We had a print shop make between 1200 and 1300 of the stickers. Friends would slap up a few stickers going to and from work on BART.

One morning, after the morning rush and well before the afternoon rush a small number of people took a large number of stickers and spent several hours systematically altering a large number of posters.

Later that same day an irate BART rider called the phone number on the sticker, 1- (510) 464-7000:

(Bart cop answering phone): “Bart police.”

Irate rider: “What’s this about you jacking up the fares by fifty percent!?”

Bart cop: “What are you talking about?”

Irate rider: “You got stickers up all over the trains saying you’re gonna jack up the fares by fifty percent!”

Bart cop (now pissed off): “This is the Bart police emergency line, do you have an emergency?!”

Irate rider: “Yeah! You’re jacking up the fares by fifty percent, I’d say that constitutes an emergency!”

If they were caught before the adhesive backing dried the stickers could be peeled off. But after 30 minutes or so the stickers clung fast, and couldn’t be pulled off without trashing the posters.

After about a month and a half or two months we had succeeding in adding our stickers to almost every one of the anti-fare evasion posters, and for the time being BART management apparently gave up trying to replace altered posters.

BART management also had anti-fare evasion stickers placed on top of the gates into and out of the paying areas of the system. These stickers were about the same size and had a similar appearance to our stickers, and as such had served as something of a style model for us. We put some stickers over these, though our efforts at this were more desultory than what we did to the posters on the train cars. When our stickers were removed they tended to remove the underlying anti-fare evasion stickers, too.

No BART fare increase was known to be in the works at the time we did the stickers. To highlight the ridiculous qualities of BART management’s anti-fare evasion propaganda we wildly overestimated the likely size of a BART fare increase, pulling the 50% figure out of a hat. But as it turns out, at the beginning of 1995 BART bureaucrats decided to go for a 45% fare hike over the course of the next three years. Did they get the idea from us, or what?! The absurdities of contemporary capitalist austerity and repression are so pronounced that they tend to escape our ability to lampoon them.

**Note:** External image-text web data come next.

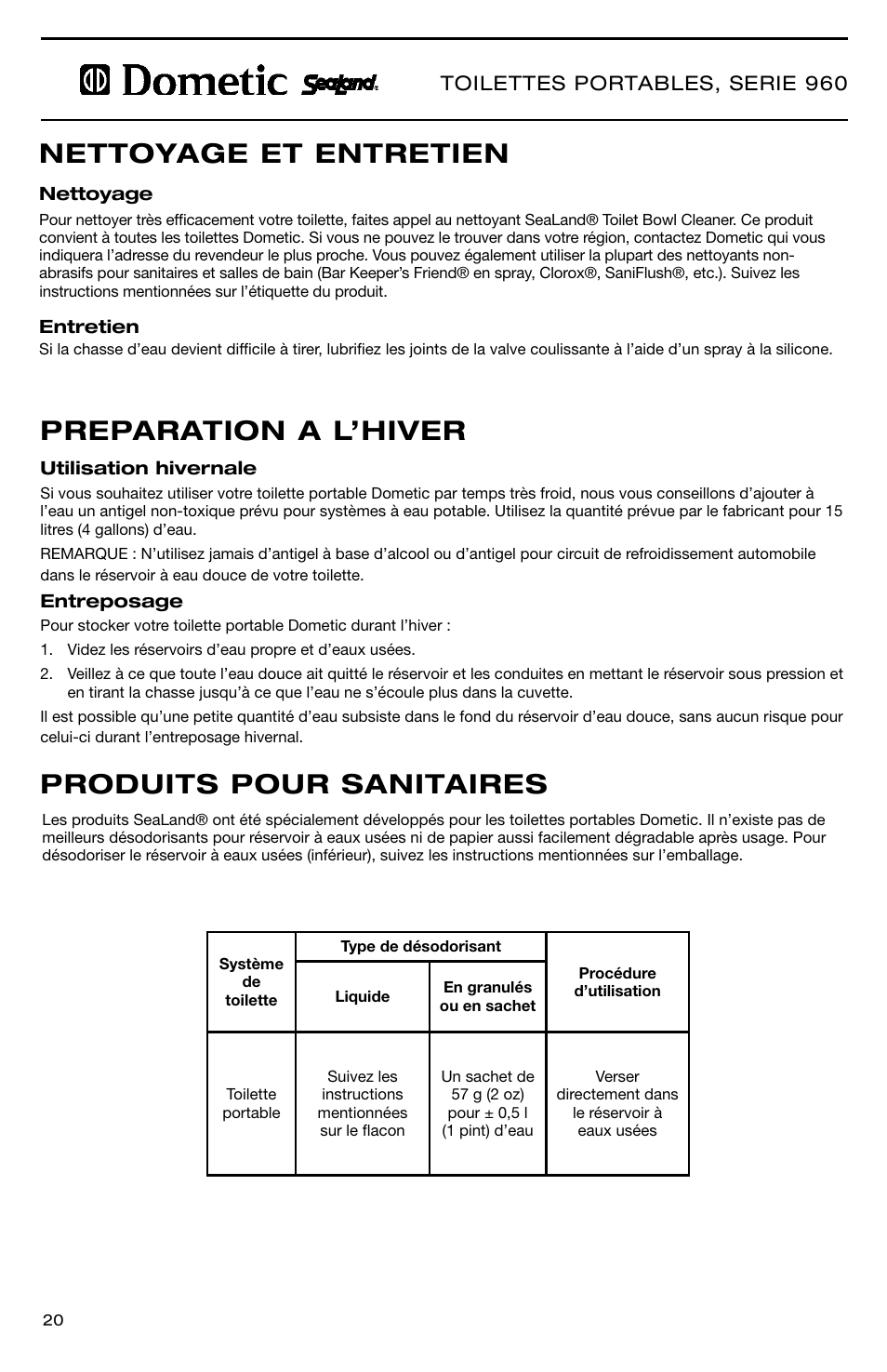 Toilettes portables, serie 960 | SeaLand 966 Series User Manual | Page 20 / 72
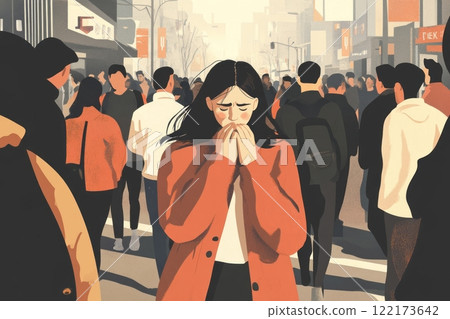 A woman experiencing a panic attack in a busy city street, surrounded by a crowd yet feeling isolated and overwhelmed. Generated image  122173642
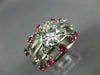 ESTATE EXTRA LARGE 2.54CT DIAMOND & AAA RUBY PLATINUM MULTI ROW ENGAGEMENT RING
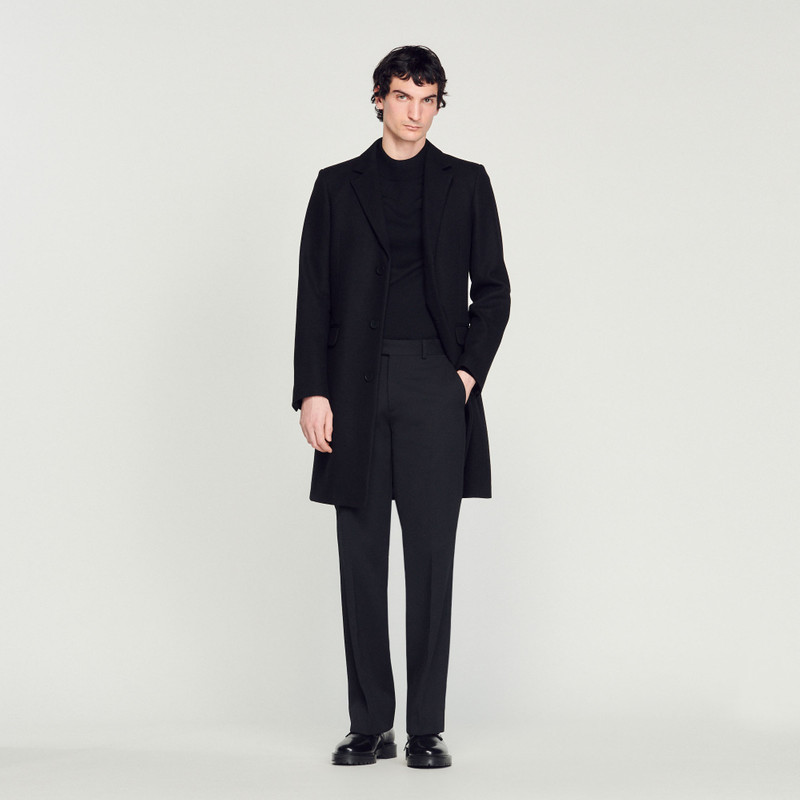 Sandro Long coat fastened with three buttons outlook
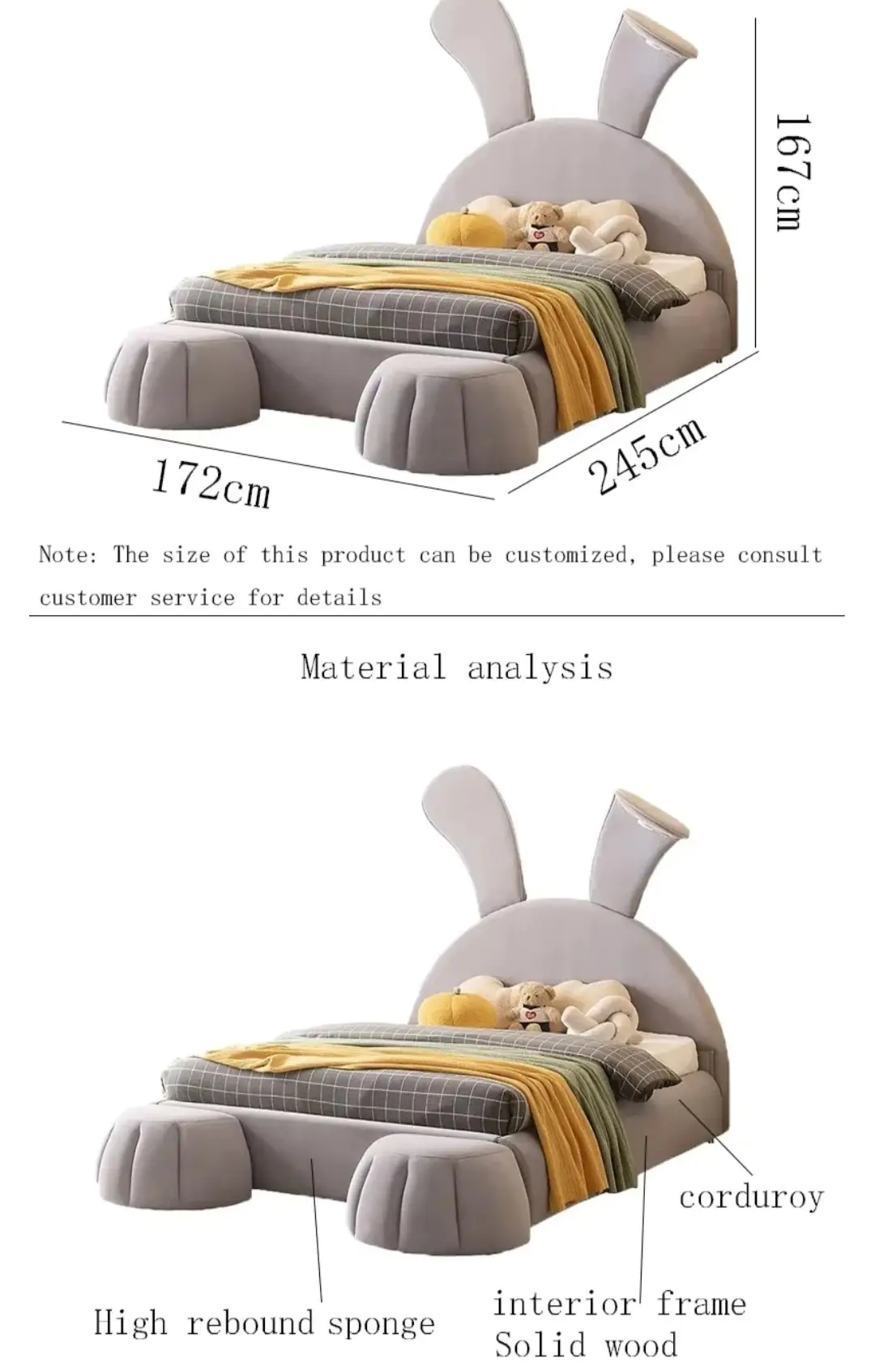 Adorable Bunny Leatherette Upholstered Bed - Image 7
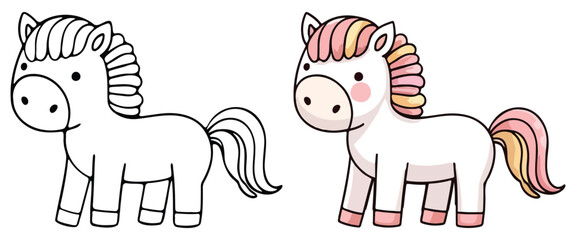  Pony Horse Line Art Vector Outline Illustration Black and White with Coloring Sample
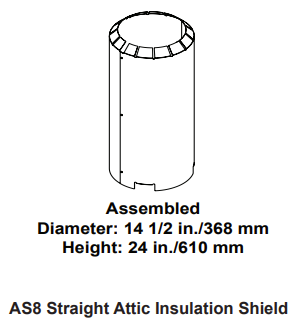 AS8 Attic Insulation Shield with Straight Flue Hearth Home Technologies Wood Burning SL300 Series Pipe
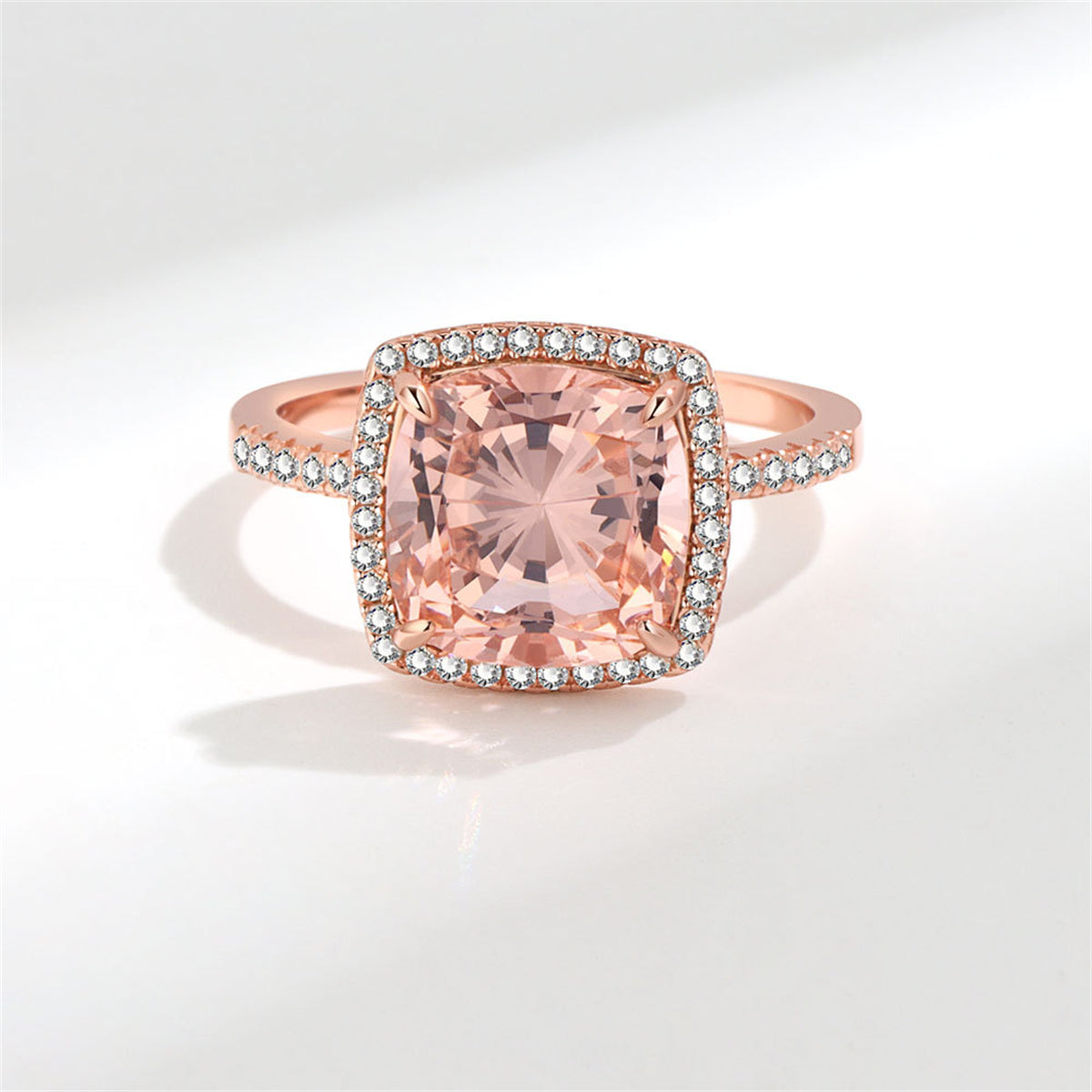 Champagne Crystal and Cubic Zirconia Square Halo Ring, statement rings for women, everyday style, detail close-up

Gloria La Riva For Sheriff Of San Francisco!

Among the candidates for governor of California in the November 1994 elections was an ersatz Socialist candidate, Gloria La Riva. La Riva is one of the leading cadre of a group called the Workers World Party. Workers World is a hybrid of Stalinism and Trotskyism, politically situated somewhere between the pro-Moscow Communist Party and the Fidel Castro groupies of the Socialist Workers Party. The WWP combine social democratic political activity (running Socialist candidates for office, organizing tightly controlled leftist demos, etc.) with long distance cheerleading for state-capitalist regimes like the former Soviet Union and Cuba.

From an anti-Klan/anti-cop riot in Washington DC on Nov. 27, 1982 to numerous street actions in Berkeley and San Francisco, including the Rodney King riots in SF, we and many of our friends have seen the so-called Workers World Party sending its parade monitors into the street to divide and repress outbreaks of rioting and rowdy actions at demonstrations. For example, their cadre have often pointed their fingers at people throwing rocks at the cops while shouting “He’s a provocateur!” In the classic manner of 20th century Leninism-Stalinism, these clowns try to outflank the action faction every chance they get. They don’t just have bad politics; they have consistently acted to jeopardize the safety of combative demonstrators and rioters. Thus we respond to them in the terms they deserve.

We got La Riva’s photo from the State of California’s voter information pamphlet. We wallpaper-pasted the poster along a few of the main streets of the Mission District, outside of polling places, etc.

Our poster says most of what there is to say about La Riva and Co. When dealing with capitalism’s bureaucratic pseudo-opposition we find that to clearly attribute to them the opinions they profess is often the worst thing you can say about them. And humor is one of the most powerful weapons of revolutionary anti-capitalist propaganda.

“From a negative point of view, any critique which helps destroy the mystifying apology of capital made by the state, the left, the official Communist Parties or the extreme left, is also a communist act, whether it is a speech, a text, or an act. Theoretical activity is practical. There are no theoretical concessions to be made.”

Jean Barrot, Eclipse and Re-emergence of the Communist Movement

Black Bart Rides Again

Late in 1994, it became apparent that a strike by BART workers might take place. We drafted the BART ATTACK #2 leaflet, #1 having been distributed to BART workers under similar circumstances in the summer of ‘91 (see PBA #1, available in photocopied form from us for $3). We distributed the leaflet to train operators in our now usual manner, by having two groups of people at each end of the platform of the MacArthur BART Station in Oakland. All the trains in the system go through this station, and in the course of a few hours we were able to get leaflets to all the train operators working one afternoon commute period. The leaflet went through a series of revisions as we got more information and as events unfolded. We also went from station to station giving the leaflet to station agents. The leaflet was well-received by train operators and somewhat less well received by station agents. After another round or two of leafleting, BART employees told us that the leaflets had been reproduced on BART photocopiers and left in employees mailboxes at work.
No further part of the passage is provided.